Marco (Sergi Méndez) and Lucas (Juan and Raúl del Pozo) are two boys living in a small town in Italy. Their mother Ana (Ariadna Gil) must leave the village to provide them with a better life. Marco and Lucas stay with their neighbors Andrés (Álvaro de Luna) and Clara (Mercedes Sampietro) until they decide to go in search of their mother in Argentina. A social worker named Carlos (Ernesto Alterio) goes after them to bring them back. During their journey, Marco and Lucas meet a young thief named Lala (Carla Díaz) who helps them escape. The series narrates Marco’s journey across the sea from Italy to Argentina.

== Cast ==
- Sergi Méndez as Marco Corral Rodríguez; called Pepino in the Latin American version.
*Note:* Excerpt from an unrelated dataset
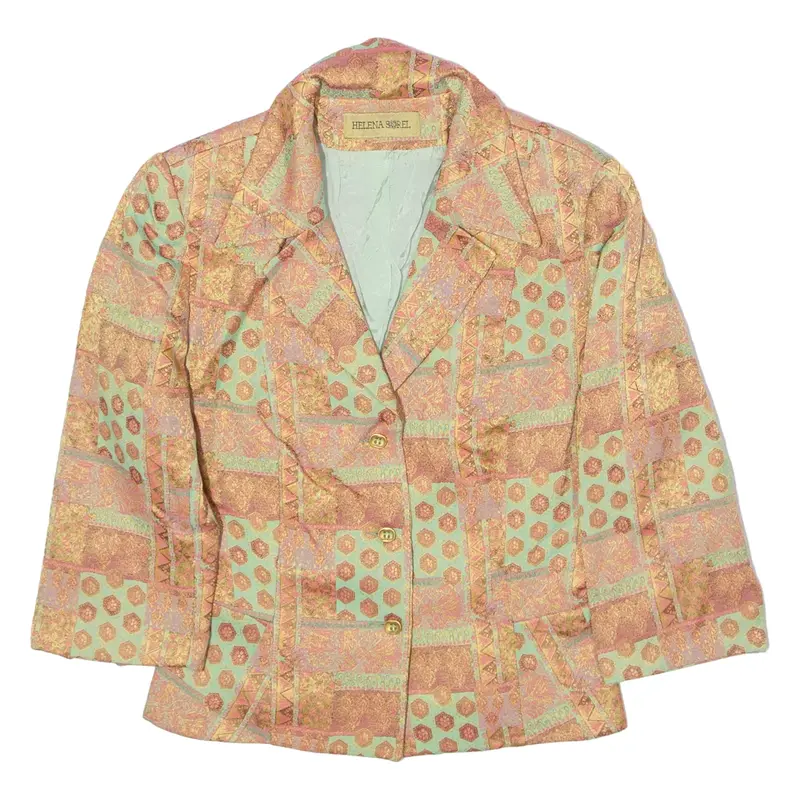 HELENA SOREL Womens Blazer Jacket Pink 90s Patchwork UK 8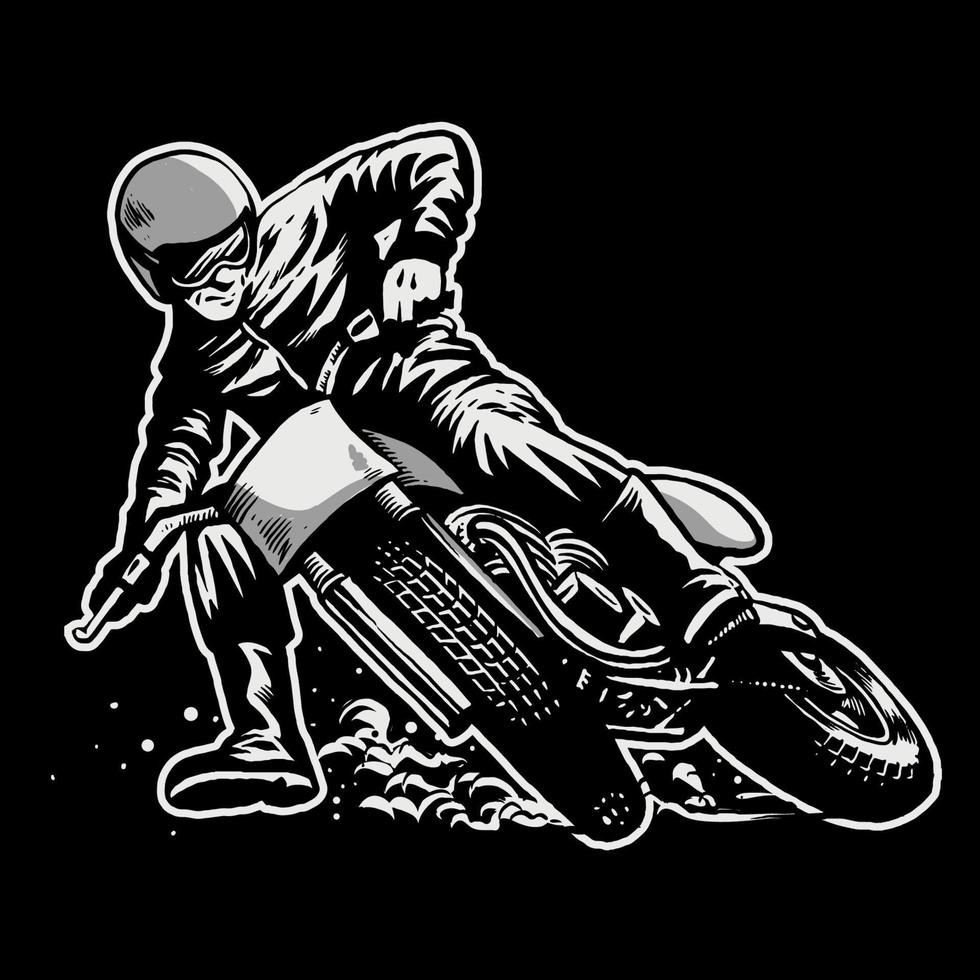 hand drawn of man riding a flat track motorcycle race vector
- Carla Díaz as Lala, Marco’s girlfriend and Lucas’s friend.
- Juan and Raúl del Pozo as Lucas Corral Rodríguez.
- Mercedes Sampietro as Clara, neighbor who cares for Marco and Lucas.
- Álvaro de Luna as Andrés, neighbor who also cares for them.
- Alicia Hermida as Maricarmen.
- Julián Villagrán as Sandor.
- Julia de Castro as Dalila.
- Ernesto Alterio as Carlos Gómez, the social worker pursuing Marco and Lucas.
- Meri Rodríguez as María.
- Estefanía de los Santos as Juanota.
- Ariadna Gil as Ana Rodríguez Sabín, mother of Marco and Lucas.
- Julián Villagrán as magician on the cruise ship.
- El Sevilla as the beggar.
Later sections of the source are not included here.